Directions » Print the lines below from the line with "Hi friends, today" to the line with "Basically they are" exactly, keeping both ends, and print no pictures.

START Data for this task

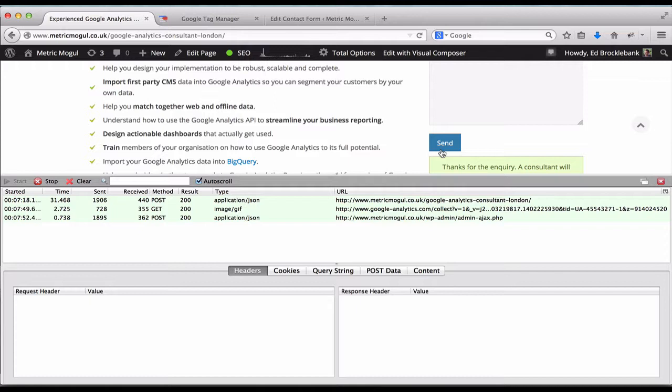So our contact form has been sent. Contact Form 7 has triggered the push to the data layer, so that event has now been pushed to the data layer and then picked up by our rule in Google Tag Manager, which has then fired our event to Google Analytics.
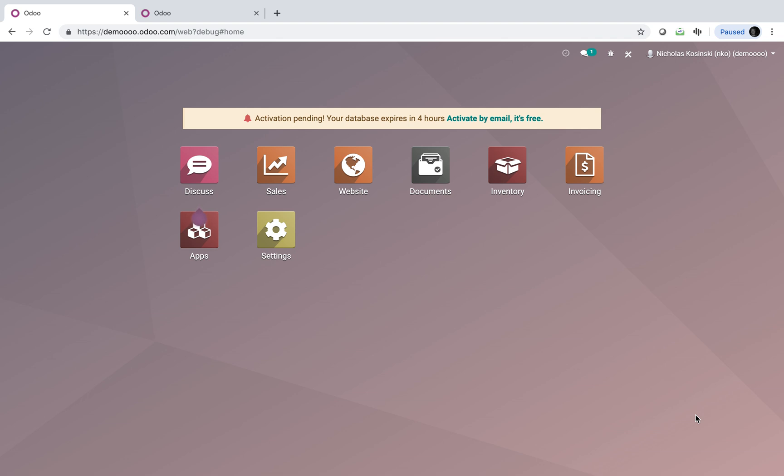The purpose of this video is to show you how you can have documents downloadable on your e-commerce website for specific products. So things like drawings, specifications, anything related to any documentation related to a product that you want your customers to be able to download and review. I'm going to show you how to set that up in Odoo.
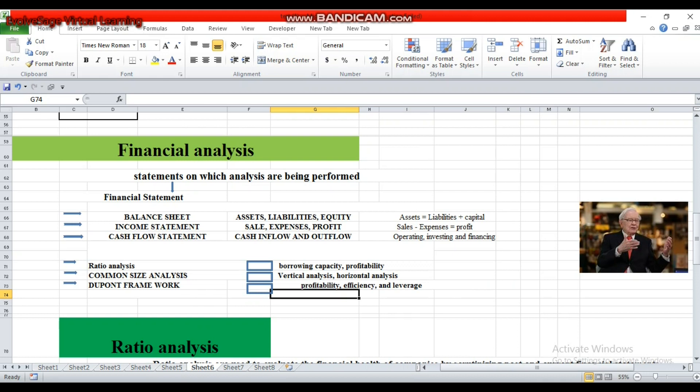Financial analysis is performed on financial statements, and financial statements consist of three statements: one is the balance sheet, the second is the income statement, and the third is the cash flow statement. Users need to understand these statements very deeply, because the data on which we perform different analyses is extracted from these three statements. We must know which data is provided by which statement.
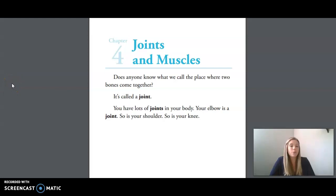Hi friends, today we are doing Unit 3, Lesson 6. We are going to go over the vocabulary that we'll be going with today's reading first.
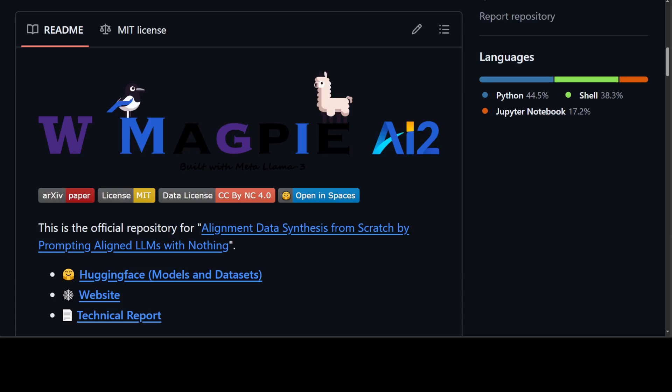That is why this new tool Magpie, which enables us to generate instruction fine-tuning data from Llama 3 Instruct, is quite interesting. In this video, we are going to install it locally and then do a quick demo.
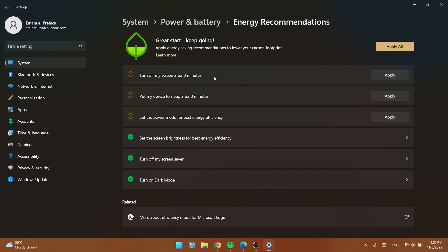Basically they are trying to increase the battery life and also lower the carbon emissions. And as you can see here you have a few recommendations that you can apply on your computer.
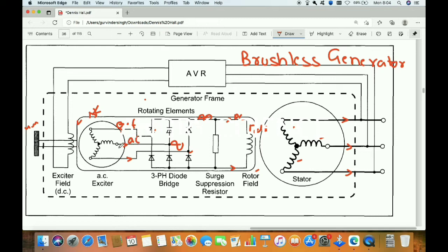We are getting an AC supply. A DC is applied here, which produces a field — and this part is stationary. This field is produced in the stationary part, and the conductor is in the rotating part. There is relative motion: either the field moves or the conductor moves. Here the field is constant but the conductor rotates, cutting the field, and so EMF is produced.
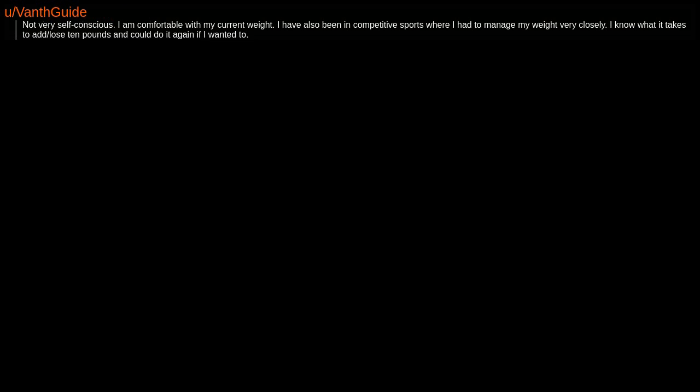Not very self-conscious. I am comfortable with my current weight. I have also been in competitive sports where I had to manage my weight very closely. I know what it takes to add, lose 10 pounds and could do it again if I wanted to.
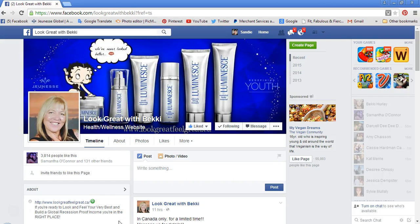Hi everyone, this is Sandy Martens Toner with Jeunesse Global, and I'm here today to show everyone how they can easily create a link that can be stored and saved on their device or computer, so that you can upload a video that's not attached to other people's pages and links.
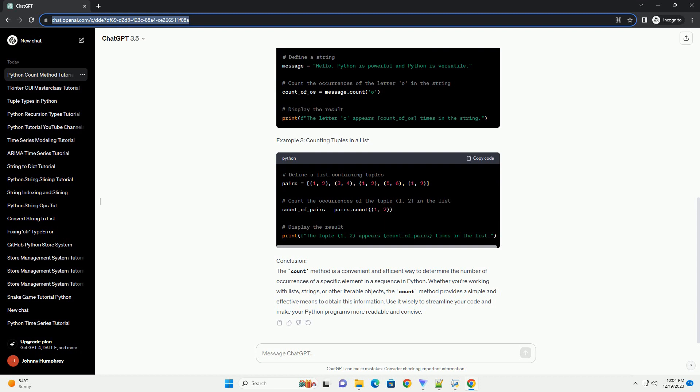Conclusion. The count method is a convenient and efficient way to determine the number of occurrences of a specific element in a sequence in Python.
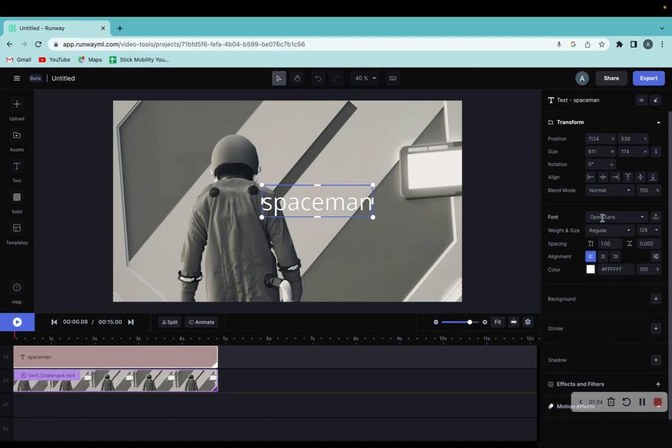You can change the actual font itself, and that's how you do it.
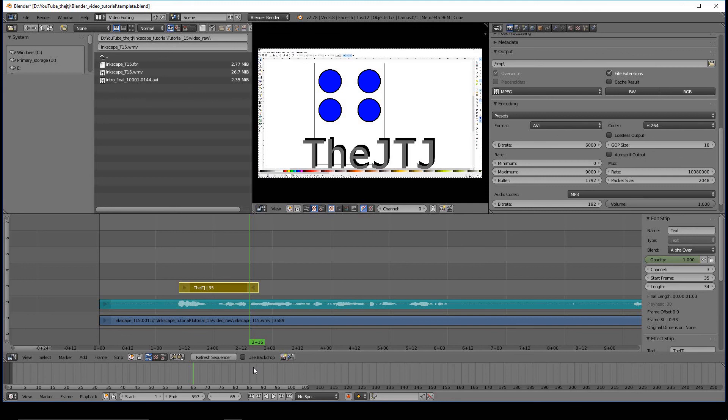So that's the simplest way to get some text in your video. Please join us for Blender Video Editing Tutorial Number 9, Text Part 2. Thanks for watching.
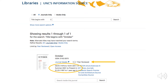If UNC has access to the journal, you should see a page like this. You should see information about the journal, including if it is peer-reviewed, as well as where it can be accessed. Click on the down arrow next to Journal Details to see more about the journal. Pay attention to the dates preceding the link — this tells you the dates of the journal in that particular resource.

END Data for this task

Task answer »
Hi friends, today we are doing Unit 3, Lesson 6. We are going to go over the vocabulary that we'll be going with today's reading first.
That is why this new tool Magpie, which enables us to generate instruction fine-tuning data from Llama 3 Instruct, is quite interesting. In this video, we are going to install it locally and then do a quick demo.
Basically they are trying to increase the battery life and also lower the carbon emissions. And as you can see here you have a few recommendations that you can apply on your computer.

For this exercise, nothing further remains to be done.